During the trip, Winters and Benson occupied the pitcher’s box more often than Bert, and it was evident that, despite Bert’s showing in the early spring practice, both Ainslee and Reddy were more inclined to pin their faith this season on their tested stars than on the new recruit. They really believed that Bert had “more on the ball” than either of the others, but were inclined to let him have a year on the bench before putting him in for the “big” games. They knew the tremendous importance of experience and they also knew how nerve-racking was the strain of playing before a crowd of perhaps twenty-five thousand frenzied rooters.

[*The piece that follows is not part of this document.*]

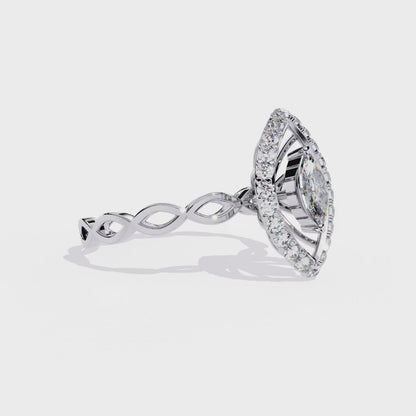 Marquise And Round Cut Top Grade Lab Grown Diamond Hidden Halo Delicate Annivrasry Ring Gift For Her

Bert might do this, but Winters and Benson had actually done it, and they could not leave this significant fact out of their calculations. So they carried him along gradually, never letting up on their instruction and advice and occasionally putting him in to pitch one or two innings to relieve the older men after the game was pretty surely won.

Bert was too sensible and sportsmanlike to resent this, and followed with care and enthusiasm the training of his mentors. A better pair of teachers could not have been found and Bert made rapid progress. Something new was constantly coming up, and, as he confided to Dick, he never dreamed there was such a variety of curves. There was “the hook,” “the knuckle,” “the palm,” “the high floater,” “the thumb jump,” “the cross fire,” and so many others that there seemed to be no end to them. But though he sought to add them all to his repertory, he followed Ainslee’s earnest urging to perfect his wonderful fadeaway, and gave more attention to that than to any other.

“And to think,” he said to Tom, one day, “it isn’t so very long ago that people didn’t believe it was possible to throw a curve ball at all and learned men wrote articles to show that it couldn’t be done.”

“Yes,” said Tom, “they remind me of the eminent scientist who wrote a book proving, to his own satisfaction, at least, that a vessel couldn’t cross the Atlantic under steam. But the first copy of the book that reached America was brought over by a steamer.”

“Yes,” chimed in Dick, “they were like the farmer who had read the description of a giraffe and thought it a fairy story. One day a circus came to town with a giraffe as one of its attractions. The farmer walked all around it, and then, turning to his friends, said stubbornly, ‘There ain’t no such animal.’”

Reddy joined in the laugh that followed and took up the conversation. “Well,” he said, while the others in the Pullman car in which they were traveling drew around him, for they always liked to see him get started on his recollections, “the honor of having discovered the curve rests between Arthur Cummings and Bobby Mathews. It’s never been clearly settled which ‘saw it first.’ Before their time it used to be straight, fast ones and a slow teaser that was thrown underhand. But even at that, don’t run away with the idea that those old fellows weren’t some pitchers. Of course, they were handicapped by the fact that at first they had to keep on pitching until the player hit it. The four-ball rule, and making a foul count for a hit, and all those modern things that have been invented to help the pitcher, hadn’t been thought of then. Naturally, that made heavy batting games. Why, I know that the old Niagara team of Buffalo won a game once by 201 to 11.”